Überaus bezaubernd erklingt dann Händels berühmte und wundervolle Arie „Lascia ch’iopianga“ aus „Rinaldo“. Der Dirigent und das Orchester haben sich inzwischen ganz auf den Saal eingeschwungen und musizieren jetzt in Perfektion, voller Feinheit, Gefühl und erzeugen große musikalische Spannung. Die Weltklasse-Sopranistin singt voller Tiefe und mit großer Innerlichkeit und berührt. Es herrscht ehrfürchtige Stille im Saal, jeder einzelne der 2000 Gäste scheint die Luft anzuhalten. Die Zeit scheint stillzustehen. Was für ein schönes Stück das ist! Welch‘ großartige Darbietung der Symphoniker Hamburg und Simone Kermes‘!
Und mit dem nächsten großartigen Stück geht es weiter: Nimrod aus Edward Elgars Enigma-Variationen. Die Symphoniker Hamburg bleiben auf Spitzen-Niveau, musizieren herrlich fein und elegant, die Hörner tönen imposant und vollendet schön. Diese vielleicht schönste Melodie von der britischen Insel und eine der schönsten Melodien vom Planeten Erde erklingt voll bezaubernder ruhiger Energie. Das ist ganz große Kunst!

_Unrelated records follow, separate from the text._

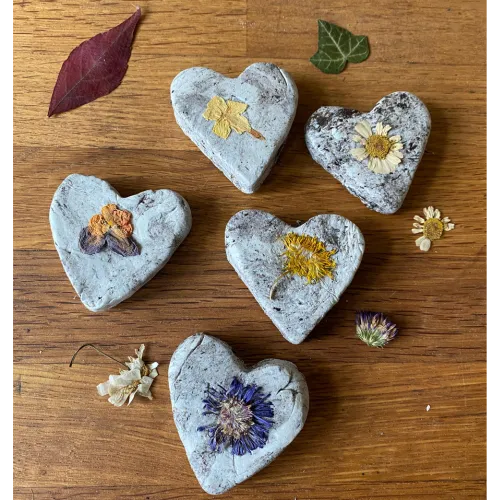 wildflower seed hearts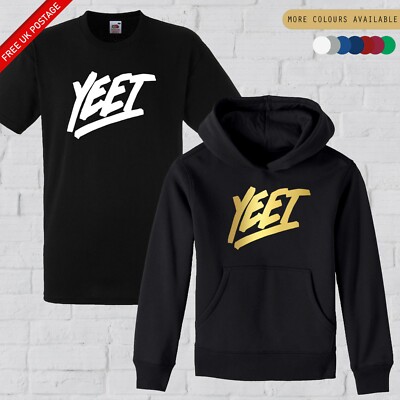 Kids YEET Hoodie T Shirt LazarBeam Merch Youtuber Beast Gaming Girls Boys  Gift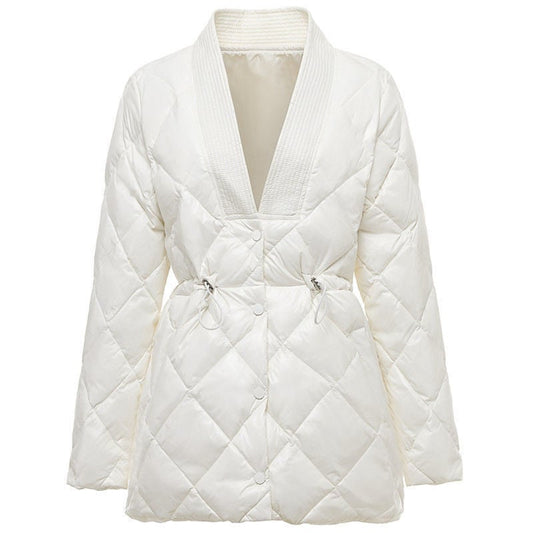 Steppjacke für Damen mit Taillenverstellung - Elvira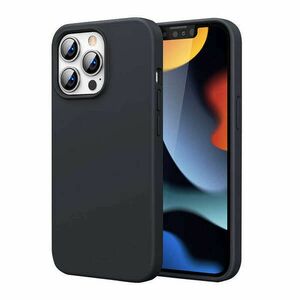 Silicone case UGREEN 80675 for iPhone 13 Pro (black) kép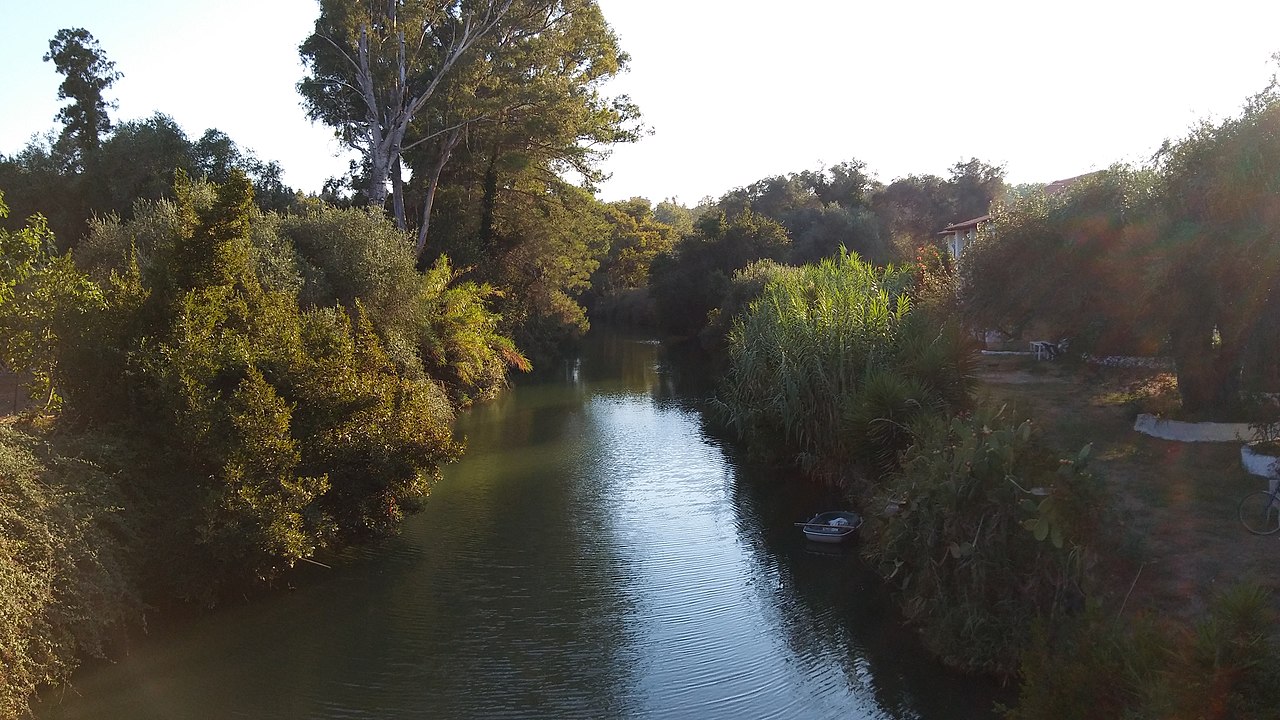 Foto fra Moraitika, Hellas – Messonghi river 6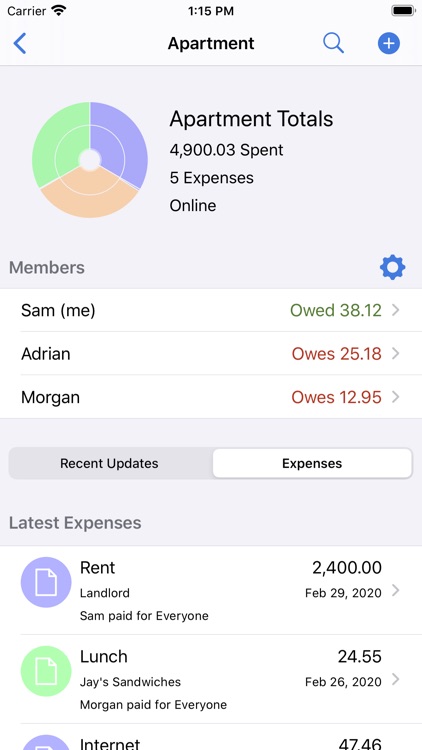 Snappy Split - Share Expenses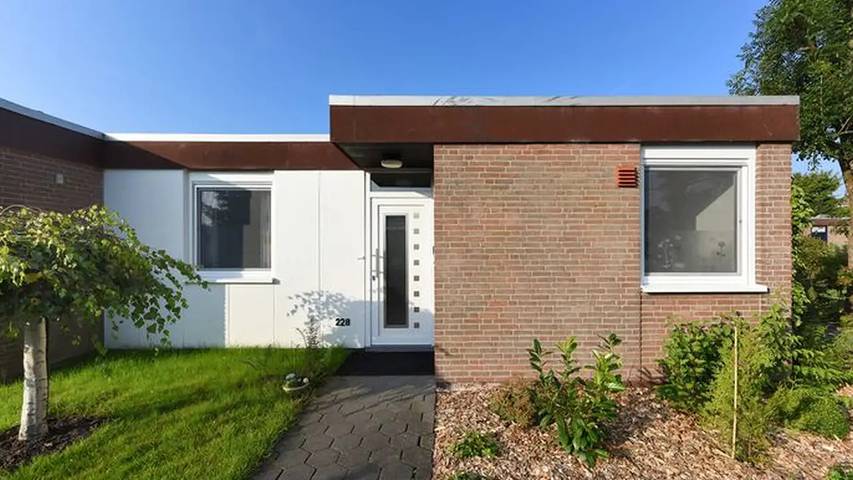 Ferienhaus für 3 Personen, mit Terrasse und Garten in Landkreis Wittmund - 3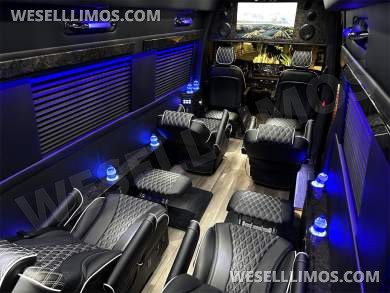 2024 Transformer 12 Passenger Auto Elite Mercedes-Benz Sprinter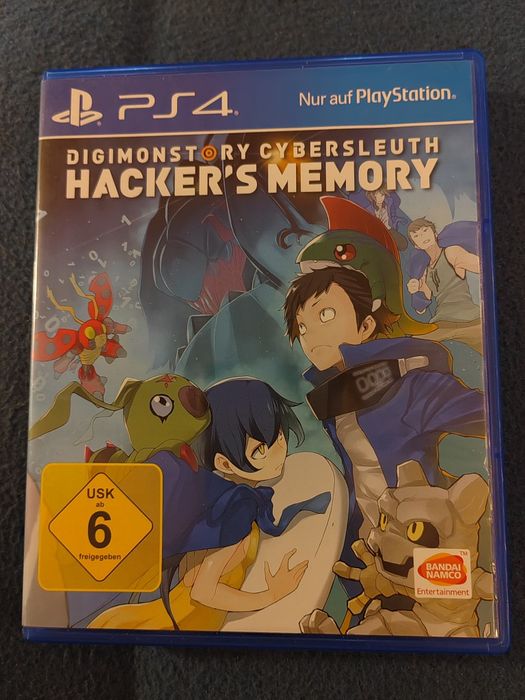 Digimon story cybersleuth hackers memory ps4 PlayStation 4 5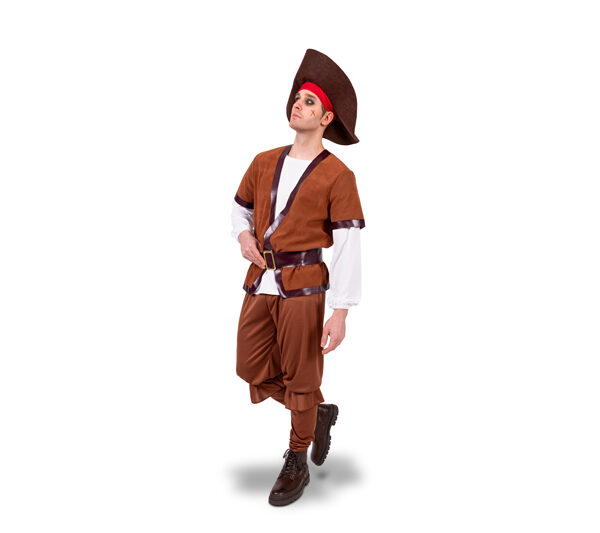 Strój Pirat z Karaibów, rozmiar L-XL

Frau Kermes begeistert mit kunstvollem und super-souveränem Gesang aus Donizettis „Linda di Chamounix“. Dann kommt noch ein Solist, der deutsche und Hamburger Pianist Sebastian Knauer. George Gershwins „Rhapsody in Blue“ gelingt aber nicht so ganz überzeugend, swingt nicht genug. Den Swing haben Deutsche im Allgemeinen nicht wirklich im Blut. Solche Musik gelingt Gershwins Landsleuten, den Amerikanern, meist sehr viel besser.
Im letzten Stück des Programms überzeugt die deutsche Sopranistin Kermes noch mit Giuseppe Verdi, bevor sie in einer umwerfenden Zugabe begeistert. „Thank you for the music“ singt sie und: „I’m so grateful and proud“. Genau diese Worte des ABBA-Songs möchte man auch den Gastgebern und Musikern des Abends zusingen: „Thank you for the music“, „Danke für die Musik“. Auch den Leuten, denen wir die Elbphilharmonie und ihre Bespielung zu verdanken haben, möchte man dies immer wieder zurufen. Thank you for the music! Danke für die Musik!
Treffend gewählt die Zugabe, liebe Frau Kermes, sehr treffend gewählt! Die Menschen Hamburgs und die Musikliebhaber Norddeutschlands sind sehr dankbar und stolz, diesen Musiktempel in der Stadt zu haben.